I’ll try and give you the Reader’s Digest version because I could talk about this horror and my love of horror all day long. [laughter] When I was really young, two of my earliest and vividiest memories… I was four when my parents first took me to Disney world. And the thing I remember is the haunted mansion ride, I remember it like it was yesterday. And when I went back as an adult, I was like yup. Sometimes childhood memories get distorted, you know, but the haunted mansion ride was exactly the same. Obviously it left a big impression, I absolutely loved it. And, about the same time, my second memory… at about the same time Ghostbusters came out. Because of my two older brothers, I got taken to a lot more creepy movies than a typical four year old would. So yeah, I watched a lot of Ghostbusters. My brothers were a bit concerned but I totally loved it. Ended up watching it hundreds of times after. And I also loved reading horror, of course.
Then I got older, and started to consider writing more seriously. I always loved writing, but I never considered doing it professionally… It was just something I did, like playing video games or bike riding. When I was around university age, I was still writing a lot. I was writing short stories and thought, you know what, I should send these out for publication. And of course, they were horror stories that I was writing… I think because over the years, I had read and watched so much horror… It felt kind of natural.
And, to be completely honest, I’d love to write fantasy but imagine having to spend years doing all the planning… all the maps, backstories, languages, names and the characters… and I thought I just want to do some writing, you know?

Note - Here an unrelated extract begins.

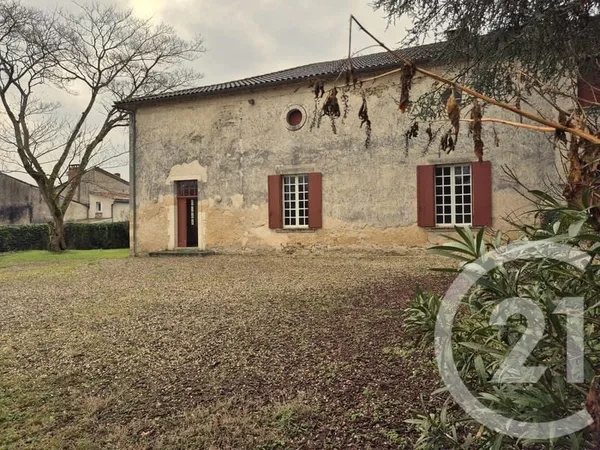 Maison 6 pièces 226 m²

So I thought I could still do some of those elements with a horror genre instead. I can create a lot and do speculative writing.
So I started doing it and it felt very natural and it was fun, which is another thing, too. Horror stories are so much fun for me. I’ve never been ‘scared’ exactly, and I’m not saying this to sound tough because I’m not… but I feel safe and scared at the same time, which is very fun.
It’s interesting you mention jump scares because I just thought about how they are used in horror movies but the fact is you can’t do jump scares in a book… What are your techniques or tips for writing horror stories then, or the book equivalent of jump scares?
Yeah, that’s kind of funny you know how they do jump scares in movies. There’s always a fake jump scare, like a cat jumping out or… Then there is the loud noise and eerie music playing. You can’t really do that in a book. It’s tough to sort of put it into words how to do that, or the technique. I just put a new YA novel that my agent is currently spinning to publishers and… one of the things she said she loved about the book is that I put multiple jump scares. It’s so hard to make a jump scare and you’ve got multiple… How do you actually do it, though [laughter] I can’t say I have thought much about that. I’d say the secret is to plant the seed, to foreshadow things that might happen… like make sure the character knows there’s a creepy closet in the room, for example, or make sure the audience knows something feels off. This way they’ve got a picture in their mind.
Then, for the jump scare, I’d make it so the character is having a conversation… you know just doing something mundane in general. This way, their mind and thoughts are wrapped in their real-life issues then they turn around and something is right there, in front of them. Then you cut the scene and end the chapter with a cliffhanger.
That’s something I haven’t mentioned: R. L. Stine, who’s written Goosebumps amongst many others, talks about how it’s very important to end every chapter in a cliffhanger. He says in interviews that it got harder and harder as he’s written hundreds of these books, but he always made a point of ending each chapter in a cliffhanger. That is, I think, the closest you can get to a jump scare in a book.
It was a pleasure to interview Joel Sutherland, and I especially enjoyed all the spooky stories he had to share. We wish him the best in all future endeavours—creepy or otherwise!